I also discovered a FireFox extension under development by a number of libraries called LibX, which does magic, client-side URL re-writing for DOIs, has Google Scholar integration, & works with EzProxy. Now all we need is buy-in by all libraries for this & for IE/Safari folks to use FF. If you absolutely can't wait for librarians in your institution to make a LibX FF extension, you can probably kludge together an approximation of its functionality using Greasemonkey and Jesse Ruderman's autolink script, which you can adjust (if you're familiar with regexp) to suit the way DOIs are typically presented on web sites.

6 comments:

David Shorthouse said...

Here's a novelty - a comment on my own post!

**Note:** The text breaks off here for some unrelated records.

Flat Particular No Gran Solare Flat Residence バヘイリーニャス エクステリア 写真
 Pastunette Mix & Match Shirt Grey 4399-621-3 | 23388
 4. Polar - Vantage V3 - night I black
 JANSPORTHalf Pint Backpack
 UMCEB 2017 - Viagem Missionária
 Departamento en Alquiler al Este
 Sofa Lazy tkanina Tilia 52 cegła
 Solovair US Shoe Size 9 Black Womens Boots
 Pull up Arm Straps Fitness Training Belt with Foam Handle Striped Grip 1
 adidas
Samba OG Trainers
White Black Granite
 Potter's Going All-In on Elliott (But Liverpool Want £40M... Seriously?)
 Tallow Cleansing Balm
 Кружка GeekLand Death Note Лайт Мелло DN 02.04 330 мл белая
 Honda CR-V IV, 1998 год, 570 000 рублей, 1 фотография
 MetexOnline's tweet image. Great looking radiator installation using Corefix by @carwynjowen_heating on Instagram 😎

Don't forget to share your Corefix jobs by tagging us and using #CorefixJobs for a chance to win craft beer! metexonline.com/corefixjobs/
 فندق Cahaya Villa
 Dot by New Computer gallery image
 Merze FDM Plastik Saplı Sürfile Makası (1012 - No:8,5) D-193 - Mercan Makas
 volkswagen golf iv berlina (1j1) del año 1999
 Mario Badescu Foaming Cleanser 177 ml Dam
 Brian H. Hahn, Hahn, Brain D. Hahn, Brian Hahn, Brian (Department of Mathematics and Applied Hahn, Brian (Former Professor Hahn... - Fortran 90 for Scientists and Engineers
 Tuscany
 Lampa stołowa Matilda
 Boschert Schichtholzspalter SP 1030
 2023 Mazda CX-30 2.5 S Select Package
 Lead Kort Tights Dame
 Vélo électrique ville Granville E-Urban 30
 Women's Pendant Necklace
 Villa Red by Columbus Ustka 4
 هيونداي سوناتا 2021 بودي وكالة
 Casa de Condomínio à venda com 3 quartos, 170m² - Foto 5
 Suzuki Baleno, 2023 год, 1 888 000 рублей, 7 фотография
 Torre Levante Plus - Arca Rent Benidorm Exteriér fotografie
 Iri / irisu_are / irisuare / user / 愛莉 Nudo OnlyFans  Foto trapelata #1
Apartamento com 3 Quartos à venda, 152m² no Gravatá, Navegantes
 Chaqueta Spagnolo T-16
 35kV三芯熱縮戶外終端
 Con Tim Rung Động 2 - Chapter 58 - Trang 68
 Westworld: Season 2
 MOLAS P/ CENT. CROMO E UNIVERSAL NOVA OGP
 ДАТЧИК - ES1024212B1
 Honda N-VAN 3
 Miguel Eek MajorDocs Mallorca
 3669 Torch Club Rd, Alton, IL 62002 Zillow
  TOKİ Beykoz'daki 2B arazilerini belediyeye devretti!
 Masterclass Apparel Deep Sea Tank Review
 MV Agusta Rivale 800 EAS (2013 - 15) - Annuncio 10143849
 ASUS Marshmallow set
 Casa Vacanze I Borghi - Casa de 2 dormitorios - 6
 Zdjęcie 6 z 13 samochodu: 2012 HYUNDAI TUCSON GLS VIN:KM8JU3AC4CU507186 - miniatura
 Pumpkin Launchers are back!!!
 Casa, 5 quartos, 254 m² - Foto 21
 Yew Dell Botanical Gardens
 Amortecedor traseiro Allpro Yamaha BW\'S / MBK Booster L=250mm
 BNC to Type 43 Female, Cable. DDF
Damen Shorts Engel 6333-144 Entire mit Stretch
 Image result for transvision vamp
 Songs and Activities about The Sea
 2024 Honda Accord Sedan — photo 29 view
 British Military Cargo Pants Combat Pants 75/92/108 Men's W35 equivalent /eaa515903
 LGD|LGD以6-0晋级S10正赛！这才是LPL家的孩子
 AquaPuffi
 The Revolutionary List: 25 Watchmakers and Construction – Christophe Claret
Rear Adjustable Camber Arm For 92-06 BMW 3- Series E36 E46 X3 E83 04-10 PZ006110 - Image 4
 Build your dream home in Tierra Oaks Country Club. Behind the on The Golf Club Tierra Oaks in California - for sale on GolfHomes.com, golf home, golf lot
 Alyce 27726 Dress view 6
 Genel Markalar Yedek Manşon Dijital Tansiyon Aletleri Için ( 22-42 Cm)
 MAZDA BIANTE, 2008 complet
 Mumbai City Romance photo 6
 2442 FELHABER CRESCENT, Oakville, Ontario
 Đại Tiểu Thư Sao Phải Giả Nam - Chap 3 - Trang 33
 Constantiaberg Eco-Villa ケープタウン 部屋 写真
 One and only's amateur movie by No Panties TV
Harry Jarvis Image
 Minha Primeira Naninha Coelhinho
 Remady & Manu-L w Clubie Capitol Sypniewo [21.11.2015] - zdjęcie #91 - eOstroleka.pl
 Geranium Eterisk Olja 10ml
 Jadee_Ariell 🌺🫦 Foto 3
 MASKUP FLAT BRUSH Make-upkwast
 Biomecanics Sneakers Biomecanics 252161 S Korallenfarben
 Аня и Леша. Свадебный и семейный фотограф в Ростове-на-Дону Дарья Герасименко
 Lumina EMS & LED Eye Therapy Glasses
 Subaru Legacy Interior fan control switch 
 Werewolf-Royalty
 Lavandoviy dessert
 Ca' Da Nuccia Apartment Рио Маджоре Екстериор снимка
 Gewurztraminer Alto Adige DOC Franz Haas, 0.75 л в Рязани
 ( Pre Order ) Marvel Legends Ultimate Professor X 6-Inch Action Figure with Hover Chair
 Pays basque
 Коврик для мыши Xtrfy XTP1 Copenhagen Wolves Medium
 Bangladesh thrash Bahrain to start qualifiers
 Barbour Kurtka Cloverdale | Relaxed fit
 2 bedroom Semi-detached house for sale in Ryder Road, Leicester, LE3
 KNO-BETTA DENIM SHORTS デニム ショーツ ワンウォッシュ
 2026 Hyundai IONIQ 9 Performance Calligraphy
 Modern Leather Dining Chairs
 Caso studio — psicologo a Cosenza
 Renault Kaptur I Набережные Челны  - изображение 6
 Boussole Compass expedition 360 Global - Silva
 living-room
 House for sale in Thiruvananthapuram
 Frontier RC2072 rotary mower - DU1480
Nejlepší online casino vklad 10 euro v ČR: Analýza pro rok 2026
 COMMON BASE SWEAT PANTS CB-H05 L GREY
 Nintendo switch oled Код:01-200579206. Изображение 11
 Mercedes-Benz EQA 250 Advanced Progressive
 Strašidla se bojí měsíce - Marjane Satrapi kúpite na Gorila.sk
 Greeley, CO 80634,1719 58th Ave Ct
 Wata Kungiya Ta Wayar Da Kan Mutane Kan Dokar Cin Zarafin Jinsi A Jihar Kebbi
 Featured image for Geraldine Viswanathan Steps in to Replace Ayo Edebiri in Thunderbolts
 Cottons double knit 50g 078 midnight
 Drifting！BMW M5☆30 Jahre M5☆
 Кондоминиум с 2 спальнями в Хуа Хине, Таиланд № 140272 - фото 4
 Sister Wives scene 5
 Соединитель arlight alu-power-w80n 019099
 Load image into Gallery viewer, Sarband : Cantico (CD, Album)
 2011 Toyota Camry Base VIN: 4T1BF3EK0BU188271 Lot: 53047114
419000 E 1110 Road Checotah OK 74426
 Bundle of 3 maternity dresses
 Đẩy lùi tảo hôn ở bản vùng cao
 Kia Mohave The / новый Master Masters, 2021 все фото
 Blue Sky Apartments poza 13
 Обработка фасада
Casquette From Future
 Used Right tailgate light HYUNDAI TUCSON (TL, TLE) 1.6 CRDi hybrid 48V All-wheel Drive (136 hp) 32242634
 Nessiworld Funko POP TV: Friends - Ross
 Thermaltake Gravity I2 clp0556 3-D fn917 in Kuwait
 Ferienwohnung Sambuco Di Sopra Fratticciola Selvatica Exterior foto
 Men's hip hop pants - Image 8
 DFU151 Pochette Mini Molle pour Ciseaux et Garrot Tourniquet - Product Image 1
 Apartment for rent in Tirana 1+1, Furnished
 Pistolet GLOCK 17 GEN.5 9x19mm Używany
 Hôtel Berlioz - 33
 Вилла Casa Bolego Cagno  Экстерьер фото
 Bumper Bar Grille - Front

Rod Page beat me to the punch and is rolling a reference parsing tool into his http://bioguid.info store of applications. Rod just testing it at the moment, running through parsing mishaps, etc. but I'm sure it'll be accessible from a link on that page.

Roderic Page said...

The parsing tool is still a toy. Regarding the main point of your post, I don't see this as a money earner. Academic users will be able to use their own local resources, and indeed might expect EoL to play ball with their libraries OpenURL resolver, which means that you'd want to provide OpenURLs, not specifically ExProxy links. For example, it might be better to embed COinS in the HTML. Google Scholar maintains lists of institutional holdings for free (http://scholar.google.com/intl/en/scholar/libraries.html), and I wonder about the wisdom of a subscription model for universities. Perhaps a better way to think of this is to ask who would benefit from increased traffic to publisher's web sites...?

David Shorthouse said...

Goog point, Rod. The main thesis of my post stems from a frustration over how publishers and societies (big or small) represent links to their subscription-based or free materials. There's still such a pervasive expectation that if you put these resources on the Internet, they'll somehow be magically found. When they're not found, then there is widespread lamentation that getting materials online was wasted effort. What I hoped from such a model was a clear illustration for how links to PDF reprints etc. ought to be constructed for efficient and intelligent aggregation that doesn't involve inherently brittle screen-scraping functions. But, your last question is interesting. Ought big organization like EoL be chasing these sorts of subscription monies from academic publishers?

Anonymous said...

David, do take Peter for coffee - he'll be able to offer all sorts of assistance in this area!

Anonymous said...

Some of this work has been done for you: you should have a look at OCLC's OpenURL Resolver Registry (http://www.oclc.org/productworks/urlresolver.htm) and the DOI Cookie Pusher: http://www.doi.org/doi_proxy/appropriate_copy.html .

Unknown said...

The LibX edition builder can build a custom edition for you in just a few minutes, so you don't have to wait until your library has its own toolbar.

It uses OCLC's OpenURL Resolver Registry, allowing users to import OpenURL settings from there.

In addition, note that LibX supports EZProxy in a special way: it contacts the EZProxy before doing the proxying to learn whether a given URL could be proxied, i.e., is allowed by the specific proxy server. This way, you don't have to waste time typing your password if it's not.